Everyone knew that T.J. Oshie was on the trade block. It was not a well kept secret. At all.
The deal that went down today was still a surprise.
Oshie got traded in an apples for apples deal for a goaltending prospect, a third round pick next year, and Troy Brouwer. The shootout specialist and playoff underperformer has been replaced by a former Blackhawks player who scored his first NHL point against the Blues. He also has a Stanley Cup under his belt, winning one in 2010 with the Hawks.
Brouwer's stats, especially the last three seasons, are comparable-ish to Oshie, although about 14 assists lower. Brouwer is, basically, your third-line right wing now. He brings grit (which is something I think that we can agree that the Blues *absolutely* need more of) while also commanding some skill. Brouwer had 43 points in 82 games, Oshie 55 points in 75 games. This is an offensive downgrade, but not by much. That's why the Blues wound up with goaltending prospect Phoenix Copley and a third round pick. Brouwer is also a UFA at the end of this season.
The reaction to Oshie being gone is probably not based on the fact that he was a massive point producer. It's partially to fans' overvaluation of the player - the Blues weren't going to get a top player back, and they weren't getting a high draft pick. But, because he was with the team for so long and - let's admit it, loved by the fans - fans would like more for the deal.
I get that. I too would've liked more for Oshie, but I completely expected an apples for apples trade strictly to shake up the core. That is what this is. Jackman gone, Oshie traded, no one is safe, yada yada yada.
Plan the damn parade.
Army: Brouwer plays the way the Blues want to play. An ironman, doesn't miss any games. #stlblues— Jeremy Rutherford (@jprutherford) July 2, 2015
I'm sure that most of you guys expected that, right?
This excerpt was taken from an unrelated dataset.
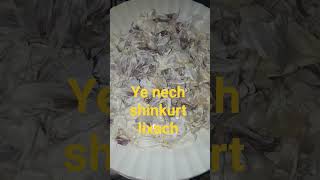 Ye Nech Shinkurt Lixach Xiqim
Army: Trade opens up space for younger players. #stlblues— Jeremy Rutherford (@jprutherford) July 2, 2015
Armstrong said Blues talked to everyone around the league as far as Oshie was concerned. He was definitely sought after. #stlblues— Lou Korac (@lkorac10) July 2, 2015
Ok, this is something I don't get. If you have an asset that is "in demand," do you not set the price? Is this the best that they could do?